Representative Western blot shows the effects of TZDs on IL-1β–induced phosphorylation of extracellular signal-regulated protein kinase (ERK) (A) and on TNF-α–induced activation of nuclear factor (NF)–κB (B) in HASM cells. Cells were treated for 15 minutes with IL-1β (A) or for 30 minutes with TNF-α (B).
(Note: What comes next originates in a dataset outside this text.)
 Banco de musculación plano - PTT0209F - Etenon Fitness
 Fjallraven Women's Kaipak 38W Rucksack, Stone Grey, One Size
TZDs were administered 30 minutes before cytokines, and GW 9662 was administered 30 minutes before TZDs, if used. Twenty micrograms (A) or 10 μg (B) of protein per sample were separated on 10% SDS-PAGE gel. The activation of NF-κB was assessed by p65 translocation from the cytosolic (C) to the nuclear (N) fraction. P-ERK: phosphorylated ERK; T-ERK: total ERK.

Figure 5.

Luciferase expression in untreated HASM cells and in cells treated with dexamethasone (DEX, 1 μM), troglitazone (TRO, 10 μM), or DEX + TRO for 1 hour and transfected with glucocorticoid-responsive element–dependent (GRE) luciferase. Results are presented as mean ± SE of data from three cell wells per treatment. Experiments were performed on cell lines derived from two different donors. *P < 0.05 versus no treatment.

Figure 6.

(A) Western blot of HASM cell lysates shows phosphorylated and total adenosine monophosphate-activated kinase (AMPK) after incubation with the AMPK agonists, 5-aminoimidazole-4-carboxamide ribonucleoside (AICAR) and metformin (Met), or the TZDs troglitazone (TRO) and rosiglitazone (ROSI). Concentrations of (B) IL-6, (C) VEGF, and (D) eotaxin in HASM cell supernatants collected 24 hours after stimulation with IL-1β (1 ng/ml) (B, C) or TNF-α (10 ng/ml) (D), in the presence or absence of metformin (B, C) or AICAR (D). Results are presented as mean ± SE of data from cells of three donors, each assayed in duplicate and normalized to the cell number in each well. *P < 0.05 compared with untreated cells. ^#P < 0.05 compared with cells stimulated with IL-1β or TNF-α alone. ^$P < 0.05 compared with cells stimulated with TNF-α plus 0.2 mM or 0.5 mM AICAR, respectively.

Figure 7.

Effects of the AMPK inhibitors, Ara A and Compound C, on the release of proinflammatory mediators from HASM cells. (A) Representative Western blot shows phosphorylated and total AMPK in lysates of control HASM cells and cells treated with the AMPK agonist, AICAR, in the presence or absence of AMPK inhibitors Ara A and Compound C. (B, C) ELISA results for IL-6 (B) and VEGF (C) in supernatants of HASM cells treated with IL-1β and/or troglitazone (TRO), in the presence or absence of Ara A and Compound C. Results are presented as mean ± SE of data from cells of three donors, each studied in duplicate. *P < 0.05 compared with untreated groups. ^#P < 0.05 compared with IL-1β–treated groups with the same AMPK inhibitors (Ara A and Compound C). ^$P < 0.05 compared with cells with IL-1β alone or IL-1β plus 10 μM TRO treatment.